Checking with the Get-MailboxStatistics cmdlet revealed that some 6,668 items are in the mailbox. In any case, waiting for a few moments and refreshing the wizard caused Office 365 to reconsider and realize that a mailbox was there all the time.

Workflow Actions

The workflow can perform the following actions:

  • Cancel the Office 365 license assigned to the account or keep it for reassignment to another account.
  • Grant access to the user’s OneDrive for Business account to another user so that they can retrieve information in that account after the person leaves.
  • Change the user’s mailbox into a shared mailbox and assign access to the mailbox to another user. The display name can be changed to reflect that the mailbox is now shared, and an auto-reply created to inform others that the person is no longer with the organization. Finally, you can remove email proxy addresses to free them up for assignment to another recipient.

The focus of the workflow is to preserve the personal information of the deleted user. Later, after recovering whatever information is available in the user’s mailbox, you could make the mailbox inactive to preserve the remaining information for compliance purposes.

Preserving a mailbox

The most complicated part of the workflow are the steps to preserve a deleted user’s mailbox. Unfortunately, another glitch comes into sight when you’re asked to select a user to become the new mailbox owner because Office 365 begins by displaying a list of licensed and unlicensed users, including guest users, instead of showing only fully licensed users.

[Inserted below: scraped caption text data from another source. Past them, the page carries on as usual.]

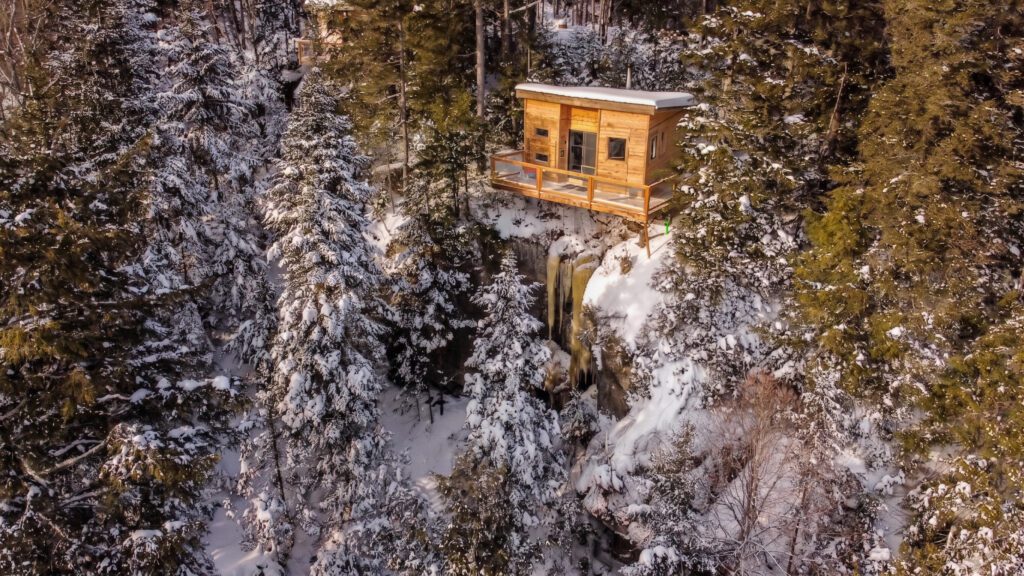 A wooden cabin with a deck sits on the edge of a snowy cliff surrounded by pine trees, overlooking a small waterfall in a winter forest—an ideal Mont-Tremblant retreat for enjoying low-impact activities and embracing the peaceful winter outdoors.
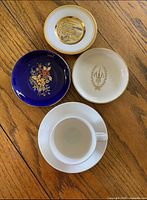 Top view showing all four saucers and cup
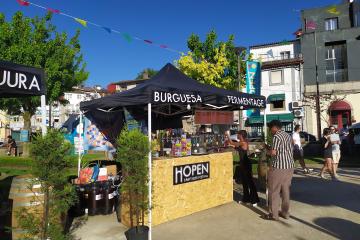 An outdoor craft beer festival stall with a black canopy labeled "BURGUESA" and "FERMENTAGE," a wooden counter with a sign reading "HOPEN CRAFT BEER FESTIVAL," people serving and attending, colorful bunting overhead, and buildings in the backgroun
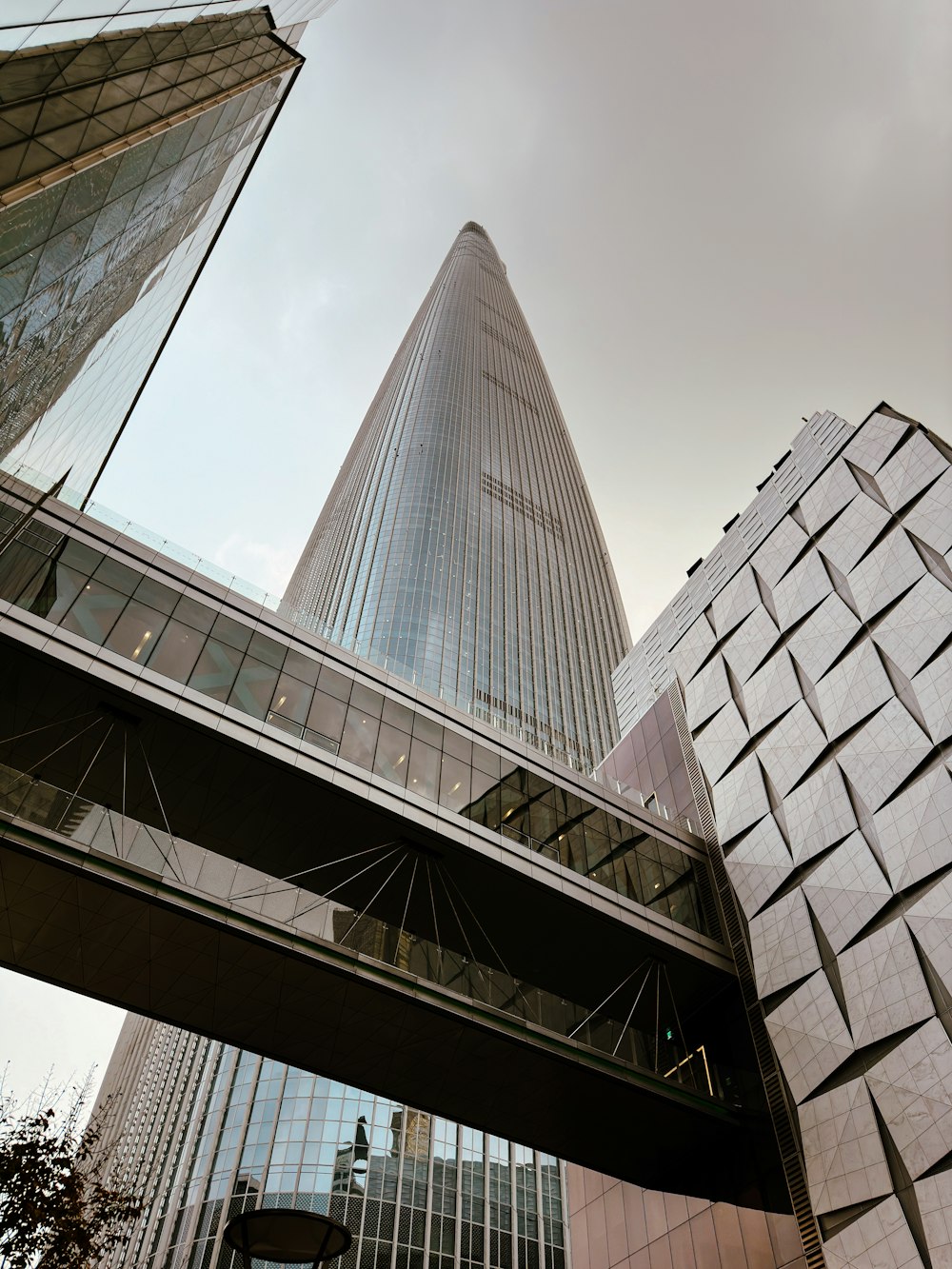 a very tall building towering over a city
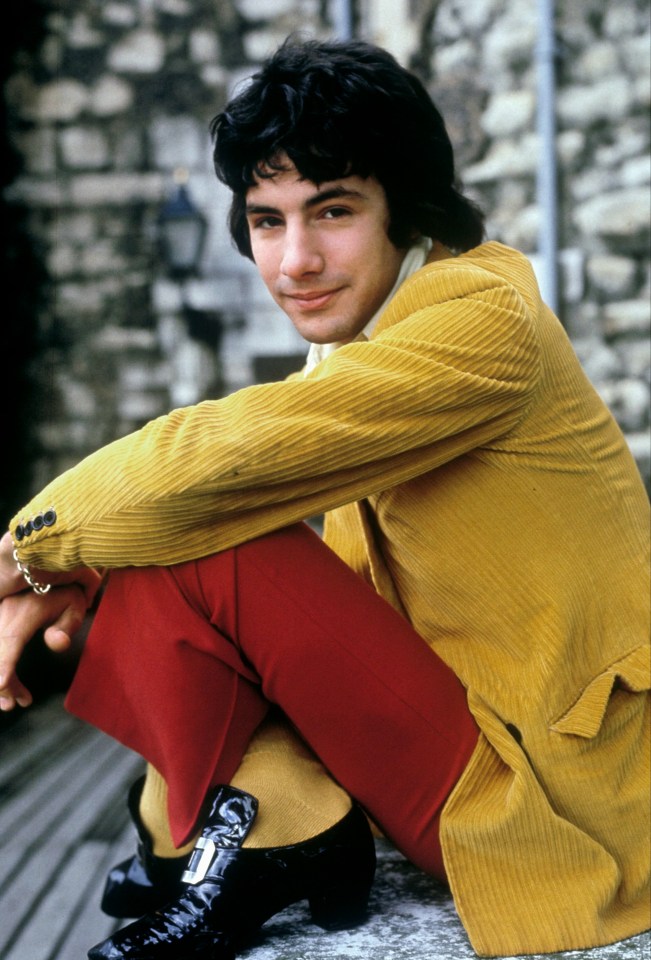 Cat Stevens in a yellow corduroy jacket and red pants in the 1960s.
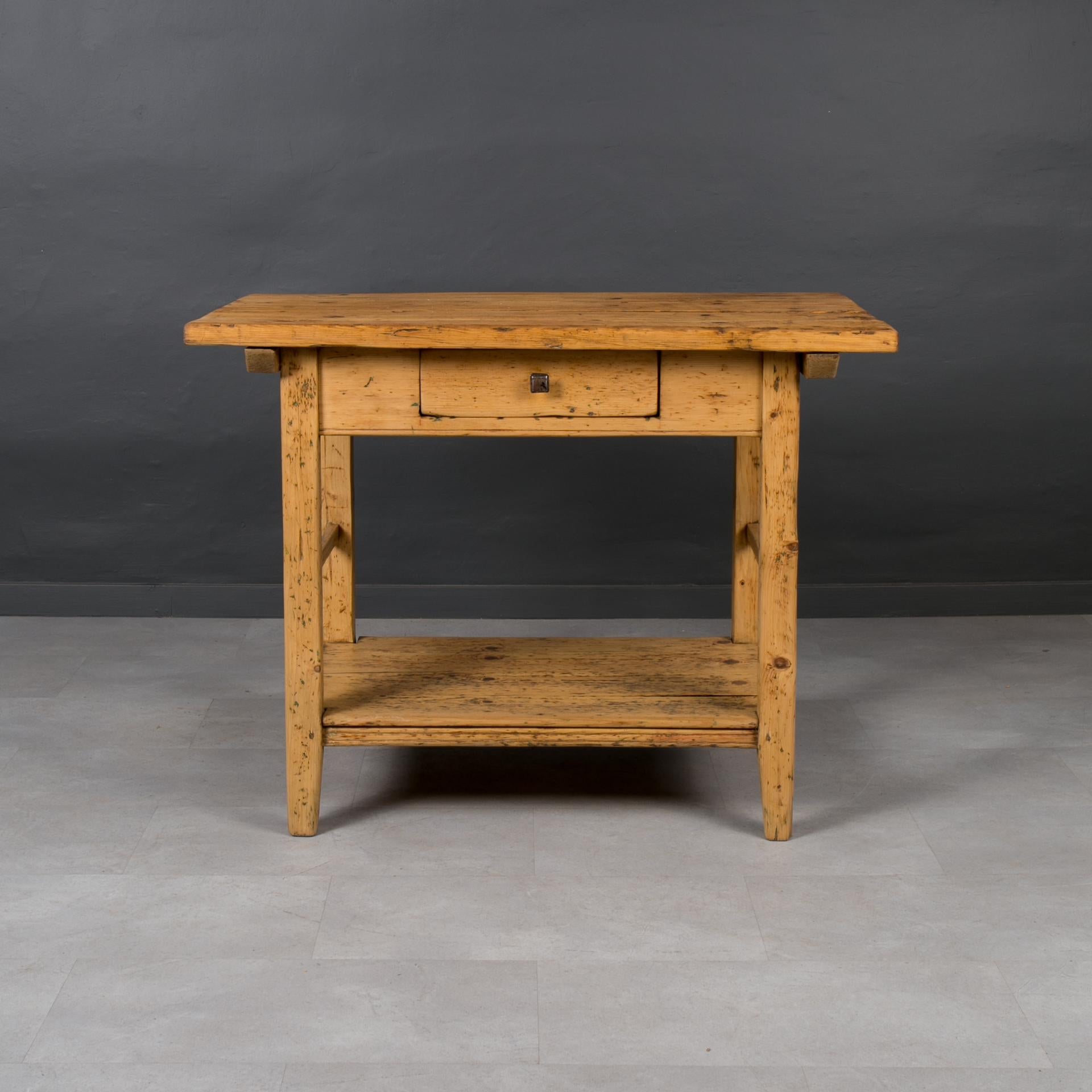 This charming vintage table was made in late 19th Century in Hungary. The whole piece is made of pine wood. The top is set on a solid base with a wide apron. One practical drawer resides in the apron. The piece was gently refreshed and finished with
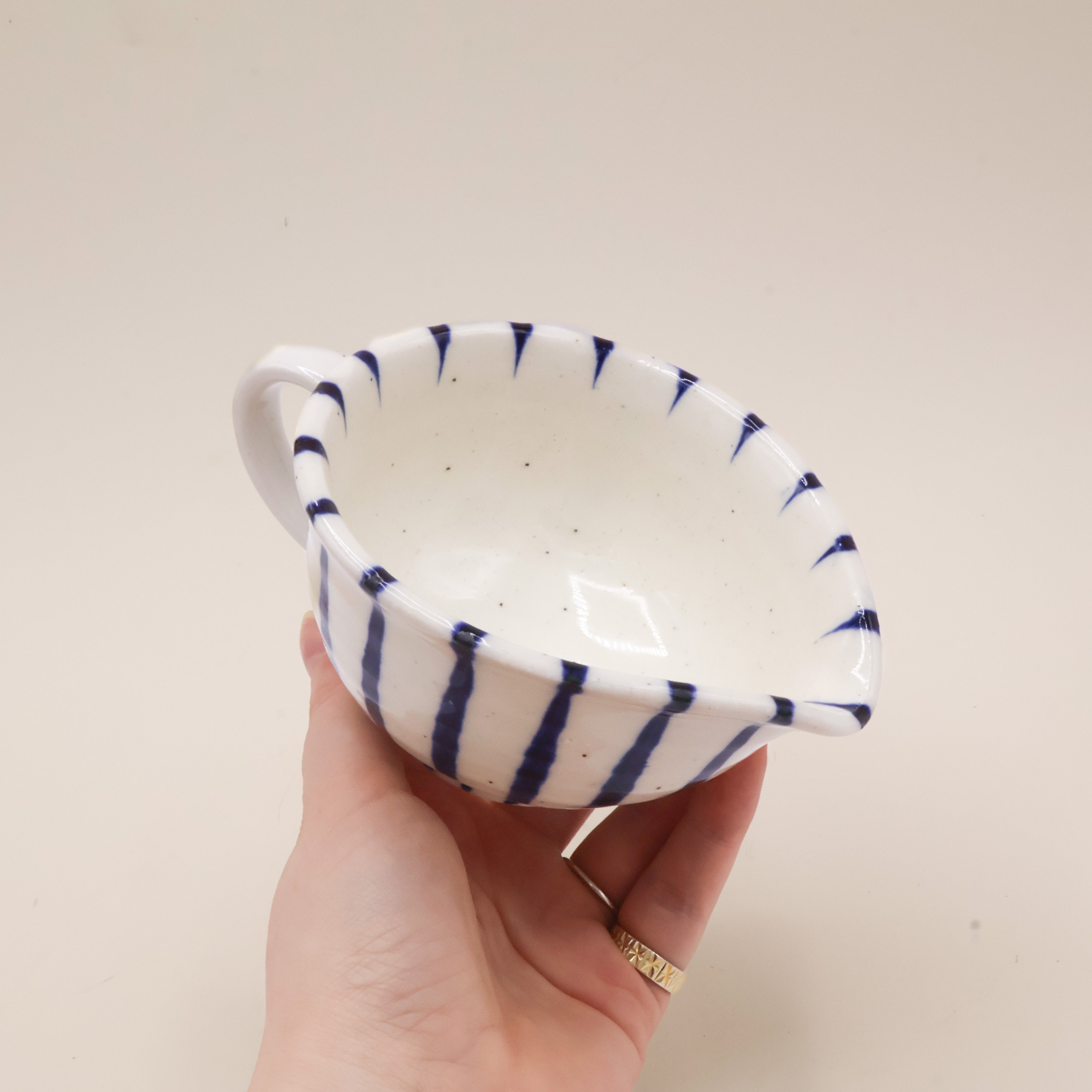 White milk jug with stripes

I’m not quite sure why the list of users is shown because you’re forced to select a valid target user by putting their name into a search box and then selecting them from the results. It seems like a curious way of doing things.

Things get better when the wizard moves on to change the display name of the mailbox, which you might want to do to show its new status. For example, some organizations I know add a “ZZZ-“ prefix to the display name to group the mailboxes belonging to ex-employees at the end of the GAL.

The wizard then turns its attention to creating an auto-reply for the mailbox (Figure 2) to inform correspondents that the mailbox owner has left. Some boilerplate text is inserted by Office 365, but you can overwrite it and insert whatever text makes sense to you. You can also choose to send auto-replies to internal users only, or for new mail coming from both internal and external senders.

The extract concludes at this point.